Stockholm

Sofia Hultén, Ok Ok Ok Ok Ok, 2019, mixed media, 80 3⁄4 × 48 3⁄8 × 48 7⁄8".

Sofia Hultén, Ok Ok Ok Ok Ok, 2019, mixed media, 80 3⁄4 × 48 3⁄8 × 48 7⁄8".

Sofia Hultén

Sofia Hultén’s work oscillates between a critical tradition and the desire for a new cult in the current state of political hopelessness. In the tradition of Walter Benjamin’s ragpicker, she works with found objects and everyday observations in the urban environment, exploring parallel movements and states of mind. The title of her recent exhibition, “Undead, undead,” echoed a refrain from the 1979 single “Bela Lugosi’s Dead,” by the post-punk group Bauhaus. Undead, undead (all works cited, 2019) was also the name of two polished-steel excavator teeth, hanging from the wall, looking like gods of an alt-religion of industrialization.

A few years ago, Hultén zipped together her own jeans with a pair found on the street to produce the poetic work In the Genes, 2014. For this exhibition, she found another pair of jeans on a street in Berlin (where she lives), but this time she made a sculpture that plays with the iconic scene in Billy Wilder’s 1955 movie The Seven Year Itch, where Marilyn Monroe finds herself on Lexington Avenue in New York with her dress billowing up in the draft from a subway vent while she delivers the classic line: “Do you feel the breeze from the subway? Isn’t it delicious?” In Hultén’s blue jeans, animated from below by a hidden electric fan, there is also the hint of something delicious. Yet there is also something melancholy about how the sculpture moved, pant legs flailing in the air above a nonexistent body. Titled Manly Rainy Moany, it is a monument to a recent past when negating or subverting the Hollywood machine was still a radical gesture.

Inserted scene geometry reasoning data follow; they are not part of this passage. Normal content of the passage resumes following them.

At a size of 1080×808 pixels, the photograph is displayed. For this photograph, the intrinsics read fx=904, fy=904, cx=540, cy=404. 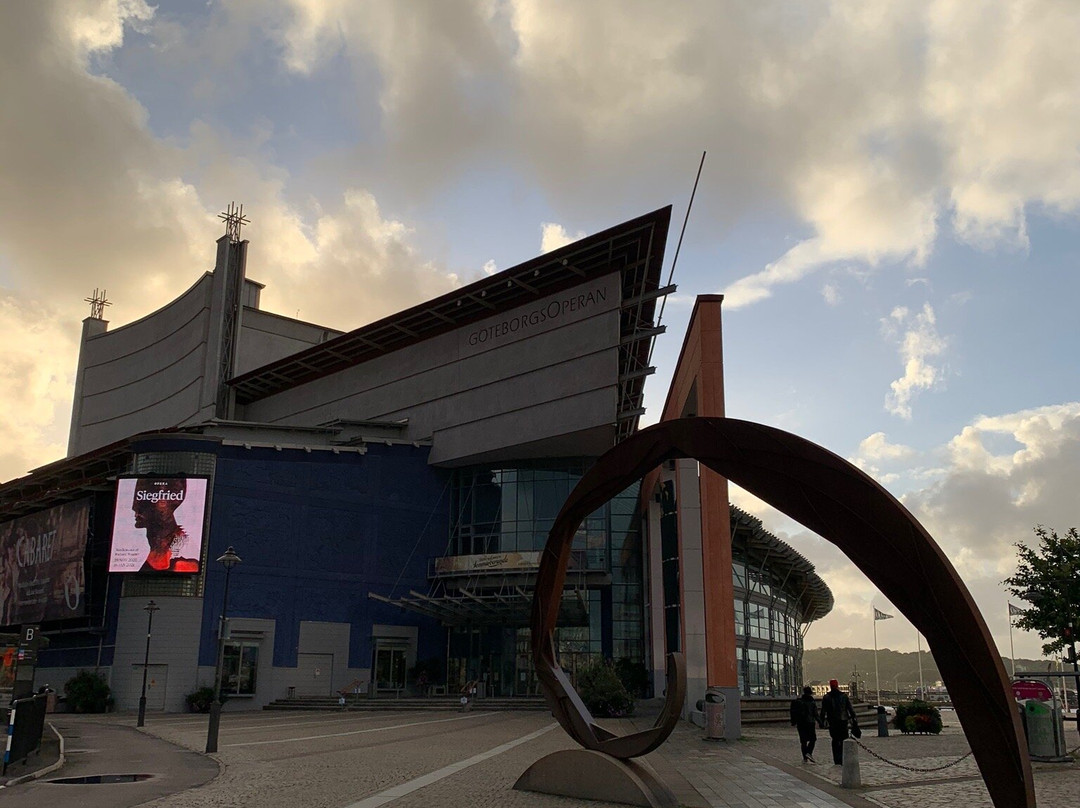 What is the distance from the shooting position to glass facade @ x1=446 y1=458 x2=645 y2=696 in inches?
2004

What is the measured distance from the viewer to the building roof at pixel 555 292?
44531 millimetres

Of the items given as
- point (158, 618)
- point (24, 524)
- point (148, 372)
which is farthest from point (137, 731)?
point (148, 372)

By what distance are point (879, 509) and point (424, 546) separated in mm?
45498

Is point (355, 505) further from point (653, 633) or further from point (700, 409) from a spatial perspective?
point (700, 409)

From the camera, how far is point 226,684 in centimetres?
4534

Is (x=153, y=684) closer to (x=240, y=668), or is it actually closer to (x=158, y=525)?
(x=240, y=668)

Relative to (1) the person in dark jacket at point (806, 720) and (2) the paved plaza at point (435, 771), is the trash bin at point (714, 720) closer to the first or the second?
(2) the paved plaza at point (435, 771)

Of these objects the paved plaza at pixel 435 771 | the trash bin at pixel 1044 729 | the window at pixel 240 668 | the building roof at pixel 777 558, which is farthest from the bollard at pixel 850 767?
the window at pixel 240 668

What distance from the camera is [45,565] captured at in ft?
172

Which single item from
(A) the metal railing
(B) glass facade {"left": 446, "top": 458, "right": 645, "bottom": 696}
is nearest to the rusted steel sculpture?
(A) the metal railing

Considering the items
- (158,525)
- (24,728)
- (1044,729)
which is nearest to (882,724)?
(1044,729)

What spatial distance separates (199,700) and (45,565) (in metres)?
15.8

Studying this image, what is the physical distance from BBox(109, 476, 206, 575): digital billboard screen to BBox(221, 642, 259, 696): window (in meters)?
4.81

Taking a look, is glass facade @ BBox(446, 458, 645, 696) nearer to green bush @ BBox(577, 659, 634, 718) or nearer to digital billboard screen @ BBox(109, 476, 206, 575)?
green bush @ BBox(577, 659, 634, 718) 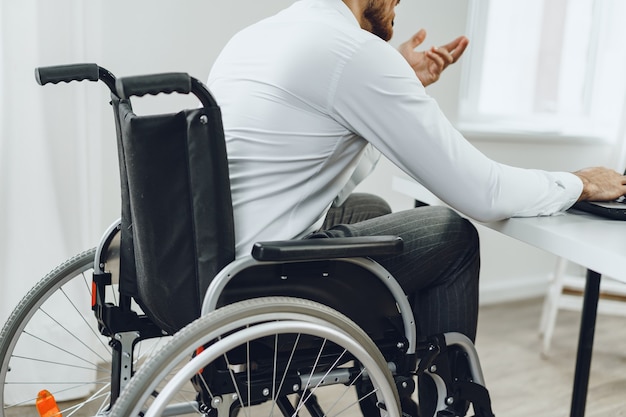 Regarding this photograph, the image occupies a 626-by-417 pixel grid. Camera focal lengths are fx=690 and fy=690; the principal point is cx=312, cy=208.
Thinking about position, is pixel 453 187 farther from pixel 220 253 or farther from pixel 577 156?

The kinetic sculpture Ok Ok Ok Ok Ok was also composed of found objects, in this case two battered yellow stepladders coupled into a Ferris wheel–like construction. When I set the wheel spinning by hand, I experienced a sense of satisfaction. In contrast to the industrially made stepladders themselves, this whole design breathes quality, craftsmanship, and power. The aftertaste of Hultén’s rotating fetish object is at the same time dark and scary in a way no Ferris wheel can compete with.

The video work And/Or consisted of two movements, one where a mobile phone accidentally drops from a pocket into a bucket of dirty water, provoking an all-too-familiar aggravation effect, and one where the phone is thrown aggressively and deliberately into the bucket. Read as a metaphor for the possibility of action in the current political climate, the work laconically affirms a feeling of hopelessness. Considering the fact that both movements end in a short circuit, the sequence also seems a comment on social-media addiction, technology-enabled surveillance, and fake news—or maybe just on the urge to buy a new phone. In the post-truth era, Hultén’s response is not a call to correct the order of things. Instead, her work highlights and reflects on this zeitgeist and explores its historical context through sculptures that literally move, as well as through movements between different states, modes, and narratives.

In the late 1950s, on the verge of the computer age, movement became an essential metaphor for freedom and anarchy. In the Stockholm context, this idea was perhaps best illustrated in the 1961 exhibition “Rörelse i konsten” (Movement in Art) at Moderna Museet. Today, when industrial modes of production are no longer hegemonic, movement in art has lost its connection with utopia. Hultén suggests that the old friendship among movement, freedom, and anarchy is nothing but a ghost without a progressive cause.